REQUIREMENT:
Take the material below and output exactly the run of lines from the one containing "2014 Kia Sorento" down to the one containing "Wrist Watches women quartz", with both included.
"""
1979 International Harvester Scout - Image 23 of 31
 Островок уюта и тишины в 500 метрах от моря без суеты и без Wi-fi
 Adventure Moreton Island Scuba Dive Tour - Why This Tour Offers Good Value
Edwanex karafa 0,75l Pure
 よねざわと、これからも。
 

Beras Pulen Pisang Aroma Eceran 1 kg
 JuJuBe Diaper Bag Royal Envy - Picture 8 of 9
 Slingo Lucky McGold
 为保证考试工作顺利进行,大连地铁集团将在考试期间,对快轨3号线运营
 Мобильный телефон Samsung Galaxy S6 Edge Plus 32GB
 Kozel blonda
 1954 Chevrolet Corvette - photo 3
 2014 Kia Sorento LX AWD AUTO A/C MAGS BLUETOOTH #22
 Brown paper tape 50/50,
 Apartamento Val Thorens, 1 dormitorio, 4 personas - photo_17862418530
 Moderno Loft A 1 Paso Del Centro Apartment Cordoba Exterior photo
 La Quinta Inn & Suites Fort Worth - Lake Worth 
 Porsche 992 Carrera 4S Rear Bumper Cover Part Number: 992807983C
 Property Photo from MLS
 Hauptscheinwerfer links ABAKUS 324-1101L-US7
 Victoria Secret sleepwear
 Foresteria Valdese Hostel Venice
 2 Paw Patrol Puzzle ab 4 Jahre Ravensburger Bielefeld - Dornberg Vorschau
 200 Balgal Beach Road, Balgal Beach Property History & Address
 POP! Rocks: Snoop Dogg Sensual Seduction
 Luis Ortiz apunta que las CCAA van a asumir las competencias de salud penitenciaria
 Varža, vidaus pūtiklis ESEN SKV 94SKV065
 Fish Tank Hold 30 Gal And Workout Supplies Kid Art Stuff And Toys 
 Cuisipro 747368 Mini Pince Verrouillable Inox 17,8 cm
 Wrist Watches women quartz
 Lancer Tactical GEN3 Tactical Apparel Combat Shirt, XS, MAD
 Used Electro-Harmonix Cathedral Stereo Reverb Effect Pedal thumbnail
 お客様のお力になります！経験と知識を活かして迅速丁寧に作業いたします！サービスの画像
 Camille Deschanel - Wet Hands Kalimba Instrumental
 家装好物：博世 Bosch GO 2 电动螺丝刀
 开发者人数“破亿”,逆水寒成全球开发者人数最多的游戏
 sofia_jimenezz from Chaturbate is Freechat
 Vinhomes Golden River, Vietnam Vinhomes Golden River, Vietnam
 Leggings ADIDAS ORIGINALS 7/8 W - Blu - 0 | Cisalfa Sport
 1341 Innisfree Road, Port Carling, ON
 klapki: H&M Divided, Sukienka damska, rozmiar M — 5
"""
EXERCISE OUTPUT:
 2014 Kia Sorento LX AWD AUTO A/C MAGS BLUETOOTH #22
 Brown paper tape 50/50,
 Apartamento Val Thorens, 1 dormitorio, 4 personas - photo_17862418530
 Moderno Loft A 1 Paso Del Centro Apartment Cordoba Exterior photo
 La Quinta Inn & Suites Fort Worth - Lake Worth 
 Porsche 992 Carrera 4S Rear Bumper Cover Part Number: 992807983C
 Property Photo from MLS
 Hauptscheinwerfer links ABAKUS 324-1101L-US7
 Victoria Secret sleepwear
 Foresteria Valdese Hostel Venice
 2 Paw Patrol Puzzle ab 4 Jahre Ravensburger Bielefeld - Dornberg Vorschau
 200 Balgal Beach Road, Balgal Beach Property History & Address
 POP! Rocks: Snoop Dogg Sensual Seduction
 Luis Ortiz apunta que las CCAA van a asumir las competencias de salud penitenciaria
 Varža, vidaus pūtiklis ESEN SKV 94SKV065
 Fish Tank Hold 30 Gal And Workout Supplies Kid Art Stuff And Toys 
 Cuisipro 747368 Mini Pince Verrouillable Inox 17,8 cm
 Wrist Watches women quartz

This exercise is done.